START Records

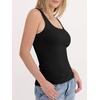 image:imageANRABESS Tank Top for Women Built in Bra Summer Scoop Neck Sleeveless ShirtBlack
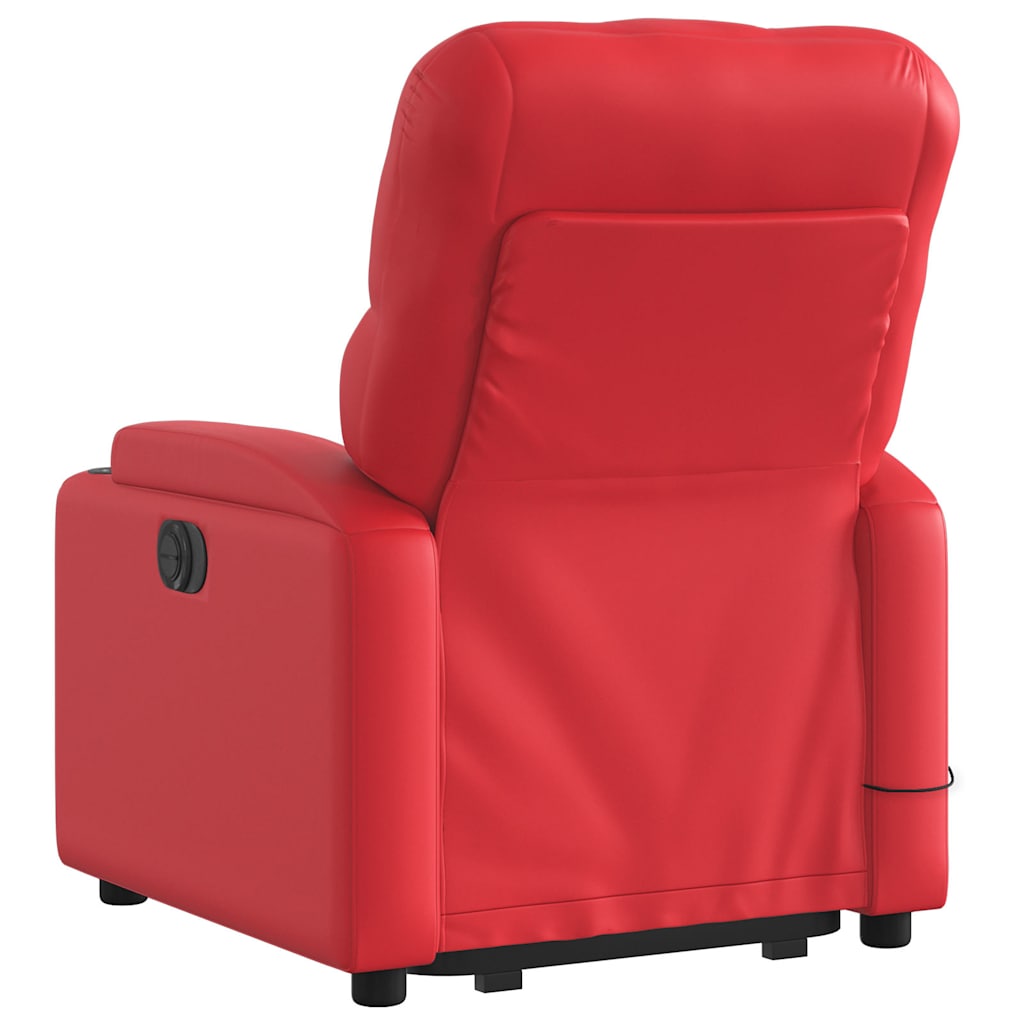 Sta-op-massagestoel elektrisch kunstleer rood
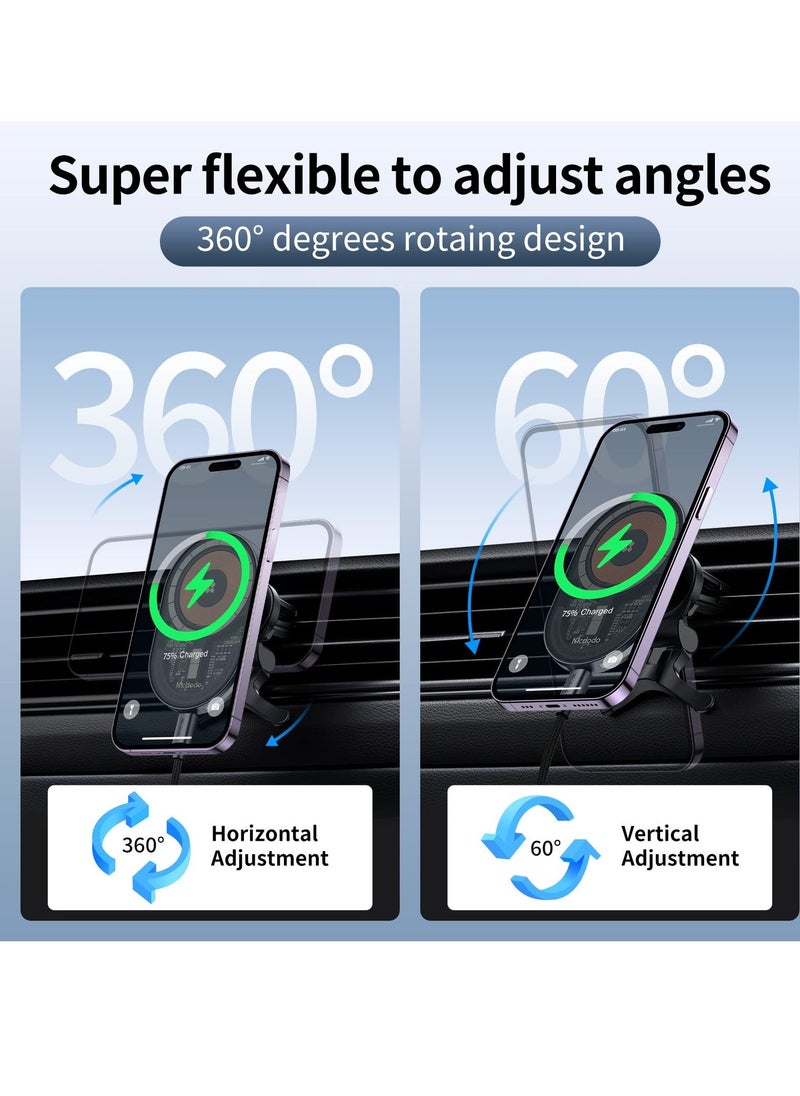 Y&D Mag Safe Magnetic Wireless Car Charger Holder for iPhone 15W Quick Charge Vent Hole Phone 14/14 Pro/14 Max/13/13 Pro/13 Pro Max/ 12/12Pro/Mini Accessories Gray  - Image 5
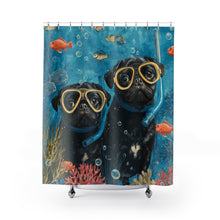 Load image into Gallery viewer, Scuba Diving Pug Shower Curtain, Funny Black Pug Bathroom Decor, Pug Lover Gift, Ocean Bathroom Decor, Pug Mom Gift, Dog Lover Bathroom
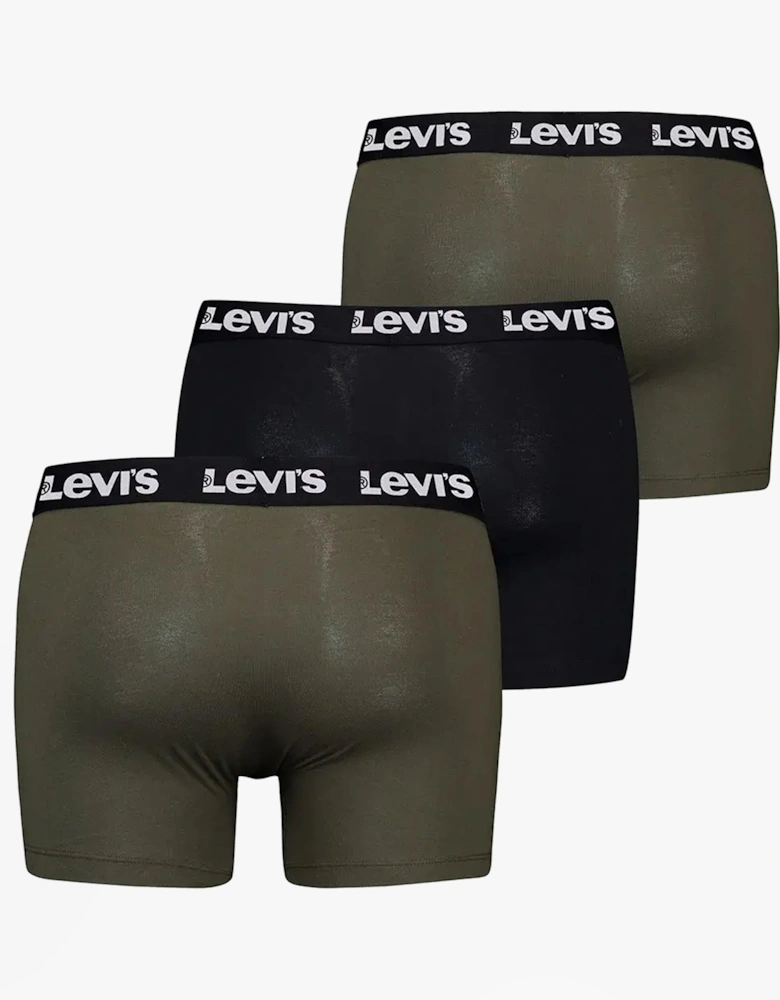 REPEAT LOGO Mens 3-Pack Trunks Khaki Combo
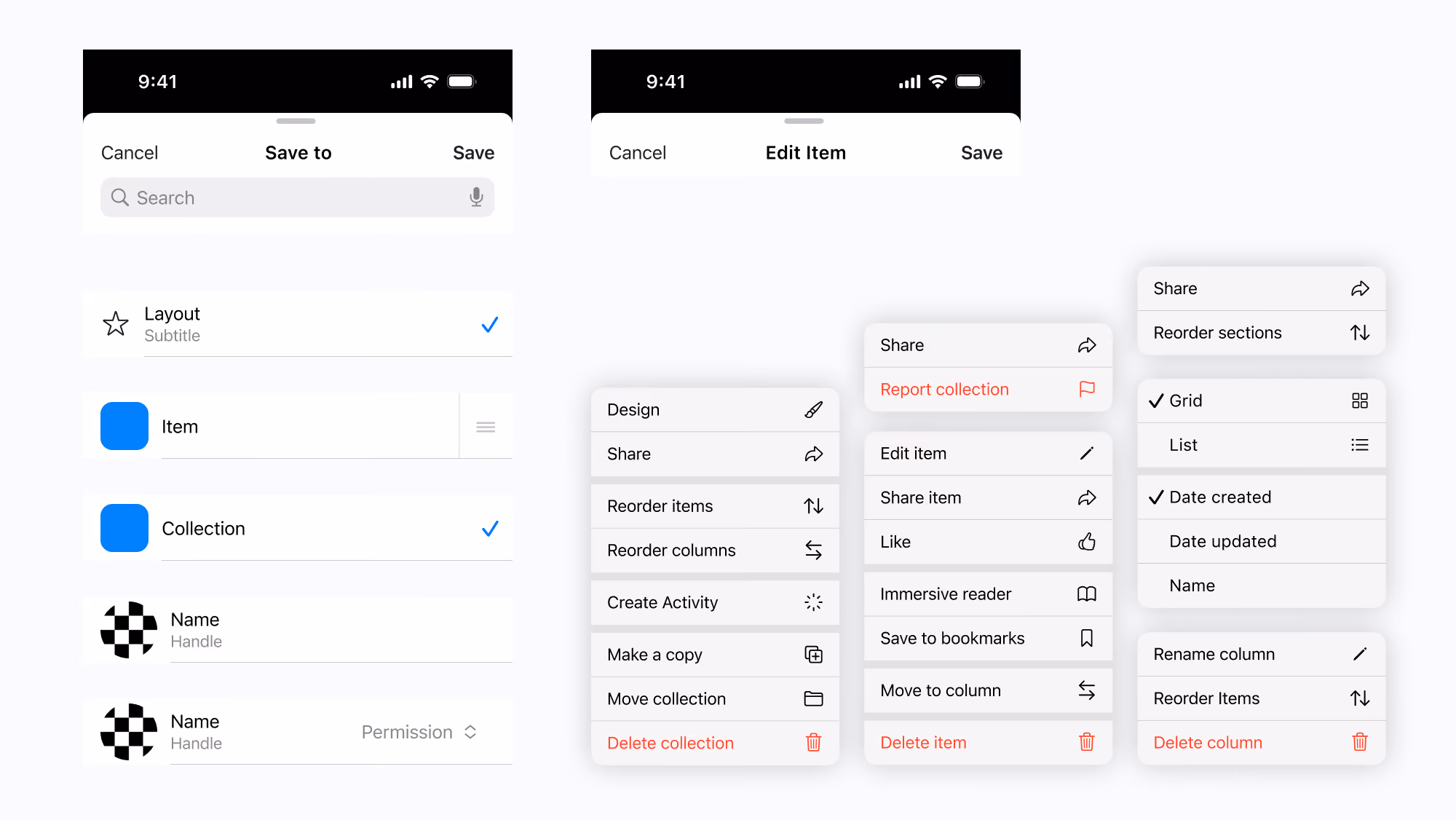 An image showing a collection of consistent UI components, including headers, list items, and dropdown menus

END Records

Task
After locating the line that holds "Load image into", output exactly the lines from it through the last line of the material above, inclusive, without pictures.

Task result
 Load image into Gallery viewer, Scuba Diving Pug Shower Curtain, Funny Black Pug Bathroom Decor, Pug Lover Gift, Ocean Bathroom Decor, Pug Mom Gift, Dog Lover Bathroom
 REPEAT LOGO Mens 3-Pack Trunks Khaki Combo
 An image showing a collection of consistent UI components, including headers, list items, and dropdown menus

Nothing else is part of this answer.